Data Labeling project fails with “Dataset refresh has failed” despite valid PNGs and credentials
Description:
I'm stuck trying to create a Data Labeling project in Azure Machine Learning Studio, and I keep getting this error:
"The dataset refresh has failed. Verify the project's datastore credentials are correct and the dataset contains datapoints."
I've spent hours troubleshooting this. Here's what I've confirmed:
✅ My Blob Storage container has valid .png
images (no nested folders, standard size, visible in portal preview).
✅ I registered the dataset using a script, and ml_client.data.get()
confirms the path is correct.
✅ My workspace managed identity has these roles on the storage account: – Reader – Storage Blob Data Reader
✅ My own user identity also has those same roles.
✅ I enabled “Use workspace managed identity for data preview and profiling” during datastore credential setup.
✅ I'm using identity-based access, not shared keys.

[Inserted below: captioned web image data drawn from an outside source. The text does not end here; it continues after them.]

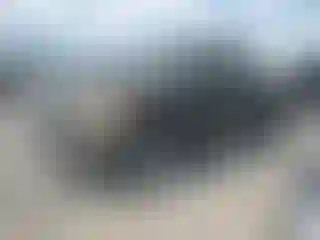 Vehicle Image- 2006 Dodge RAM 1500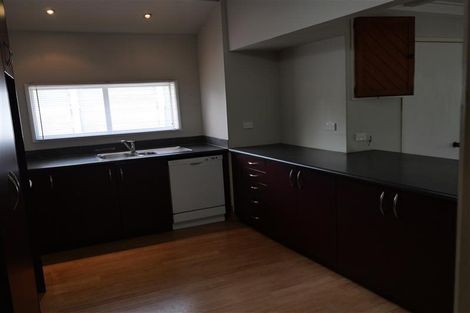 Photo of property in 9 Fitzgerald Road, Drury, 2113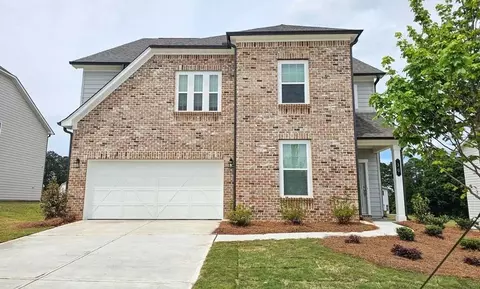 30 Everly Way, Bethlehem, GA 30620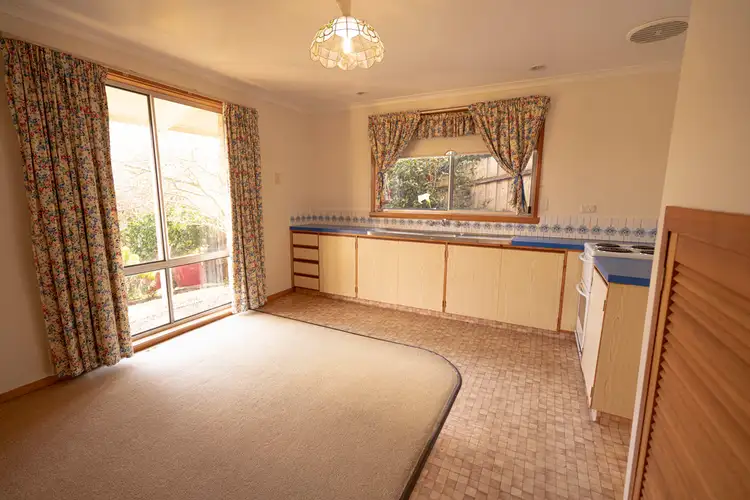 Seventh view of Homely house listing, 55 Outram Street, Summerhill TAS 7250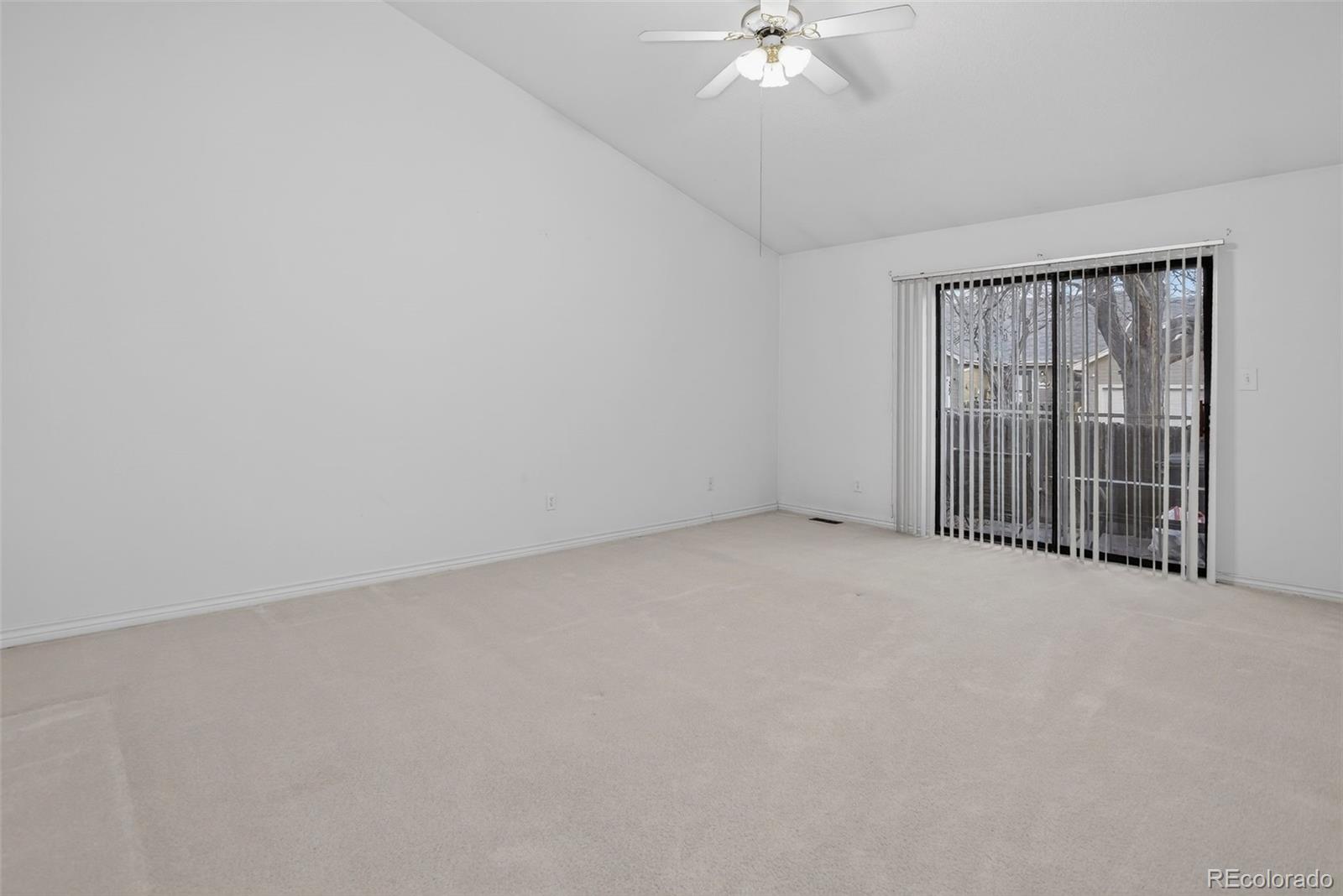 MLS Image #23 for 1741 s deframe street,lakewood, Colorado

✅ I even deleted and recreated the ML workspace, datastore, and dataset from scratch. Same issue.
- ✅ I tried flattening the folder structure (no recursion), renaming dataset, and resaving it with different paths. Still nothing. 🧠 I suspect the Data Labeling UI is failing to preview the dataset properly even though it’s 100% accessible from code and the images are valid. Maybe a regression? It was working before.